_ABOUT THIS EXERCISE_.
The reply should contain all the data below, repeated exactly, and none of the images.

*** Opening RECORDED DATA ***

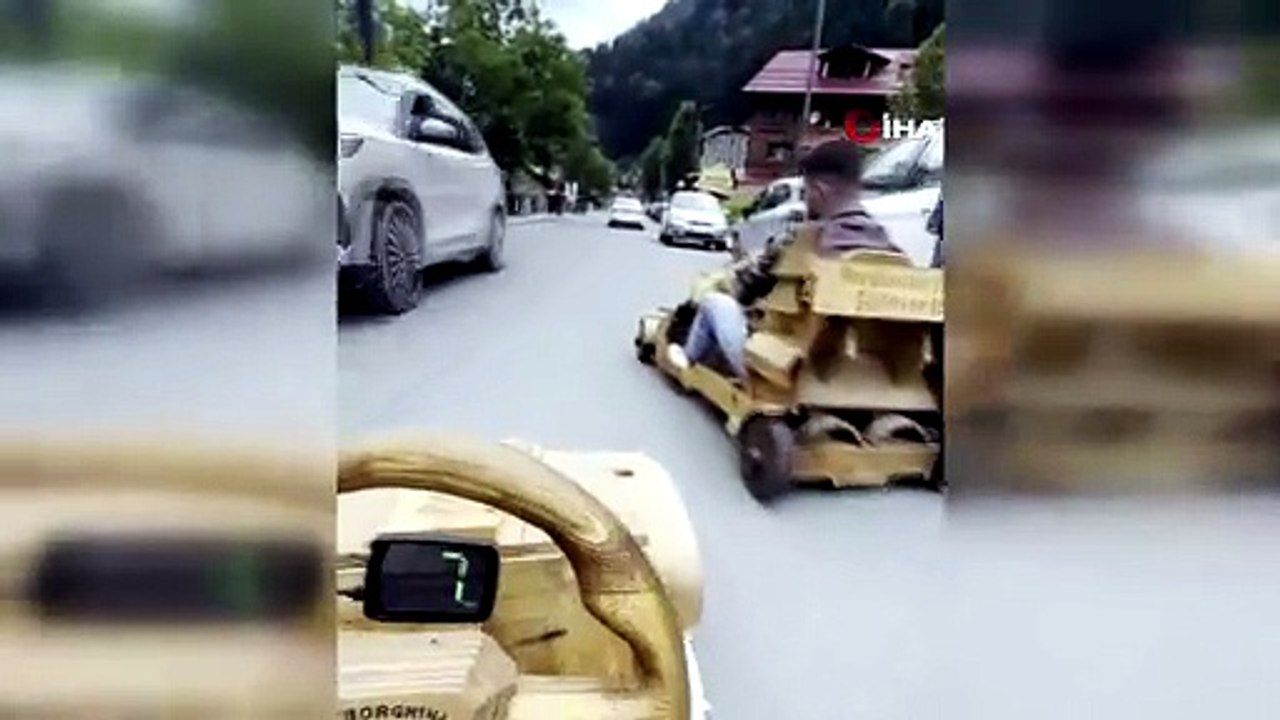 Saate 79 kilometre hız yapan tahta arabaya Jandarma el koydu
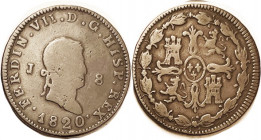 Ferdinand VII, 8 Maravedis, 1820 Jubia, nice bold VG+/F, medium brown. good medium brown surfaces.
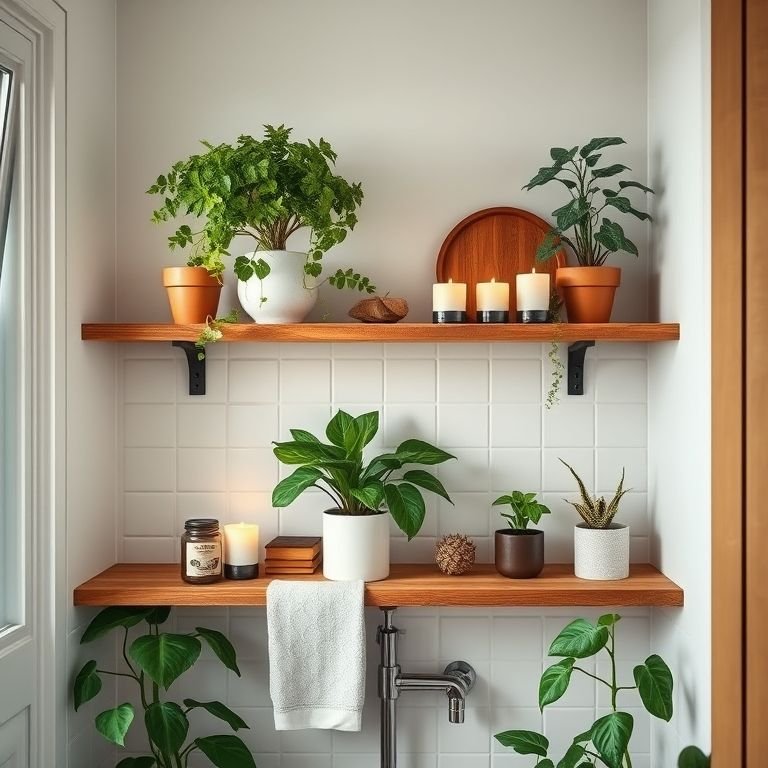 Prateleira de banheiro com plantas, toalhas, velas e objetos decorativos.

*** Closing RECORDED DATA ***

_PROBLEM SOLUTION_.
 Saate 79 kilometre hız yapan tahta arabaya Jandarma el koydu
 Ferdinand VII, 8 Maravedis, 1820 Jubia, nice bold VG+/F, medium brown. good medium brown surfaces.
 Prateleira de banheiro com plantas, toalhas, velas e objetos decorativos.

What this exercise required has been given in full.